Besides, it is Hanukah and the great thing about this Holiday is it is eight days and we always got eight presents, (she said sacrilegiously.) So I invited myself to the Cousin’s house in Minnesota for my birthday, though I stipulated no gifts. I just wanted to spend time in a loving family atmosphere ... even if I had to borrow it! And the thought of another birthday was making a nervous breakdown possible.

I flew there, hoping to spend a little quality time with Ben and I got much more than I ever expected or hoped for. How many times, Dear Reader, do you have your expectations met? I know for myself that I try and keep them low as I get older, particularly towards social events because I am invariably disappointed. It’s not really as great a party as we had hoped it might be. And no, we don’t meet “The One” and in fact, we think our mothers were definitely wrong when they told us “just go out and you never know what’s going to happen.” Yes, we do know what’s going to happen ... nothing! But we keep going anyway.

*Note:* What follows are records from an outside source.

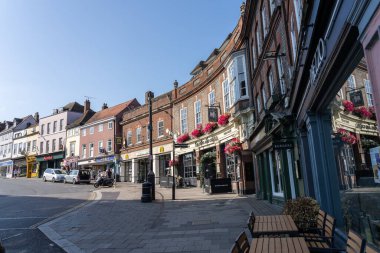 Windsor Birleşik Krallık - 12 Ağustos 2024; Windsor Şatosu 'na yaklaşan alt köşe, güneş doğarken ve yol ve cephelerde gölgeler bırakırken dükkan, kafe restoranları ve barlarla dolu..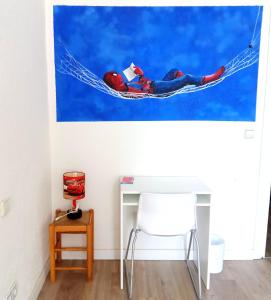 una habitación con escritorio y una pintura de un hombre en una hamaca en Guest House Éxito en Madrid, en Madrid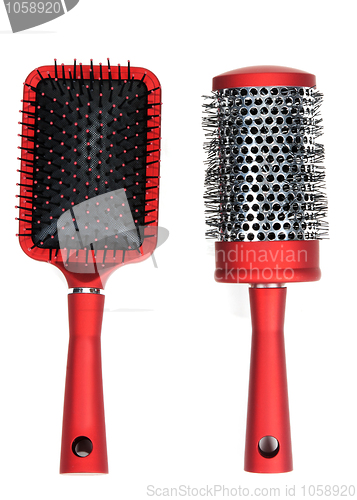 Image of Two red massages comb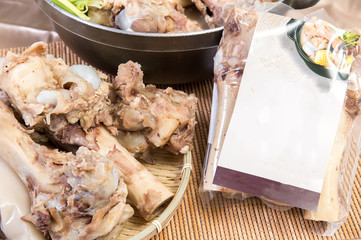 Chinese New Year dishes.Pig bone riser heating market to sell the ready-to-eat food packets and pig bones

The agenda was for the entire family to come to my Cousin’s for my birthday dinner on Friday and then for me to take Ben shopping on Saturday. And the big bonus, the surprise, turned out to be that I would get to baby sit for him (with Cousin) and spend quality time, alone with him Saturday night! This all was based on the hope that he wouldn’t run screaming from this stranger, me, whom he saw three times in his young life, once, when he was three weeks old and I don’t think they can even see yet.

But, those “horsey rides” during last year’s visit came in handy. The fact that after the last trip I had a sciatica attack that laid me up for weeks doesn’t matter. Note to you all: when over forty-five, never give horsey rides wearing four inch heels. It’s hell on the back. And when you sit on the floor playing trains, get up every few minutes to stretch so you don’t become crippled when you eventually do get up. If you can get up, that is.

Now I will skip the minute by minute and get to the good parts. He came to the Friday night dinner early and actually remembered the horsey rides and we got into them immediately. Then, because I know no shame, I immediately told him that we were going to buy eight ... count ‘em eight presents for him the next day. Because he is really smart and can count, he knew this was a good deal. Thus, he eagerly played the game I invented where I roll a ball down the hallway and he runs and brings it back and has to kiss me every time for me to roll it again. Yes, shameless, I know, I know.

Plus, since my mental age is about his, we got into the “you’re silly, no you’re silly, I did not, you did, did not, did” thing ... which I can keep up as long as he and much longer than any other adult he will ever meet or is willing to do. This was a huge hit. So I was beside myself with joy from the hugs and kisses that kept on flowing in my direction.

Then the kids and grandkids arrived and all of them were excited to see their relative who lives in New York and is the “glamorous one” in the family. Moi. And who brought the grandkids Hanukah gifts in envelopes ... which means cash! I showed them my Column on the Internet and that impressed the s--t out of them. (Aside: Cousin from the Midwest, whom we always thought was very prim and proper used the “s” word a few times and the “f” word when the delicious dinner she cooked was running late. Which made me feel a lot better and brought us closer together, as we were when we grew up.) And, I even got a birthday cake! I think the first one I’ve had since sweet sixteen. I got teary but still fought the kids for the biggest sugar rose. Told you I was five. Well, six, now.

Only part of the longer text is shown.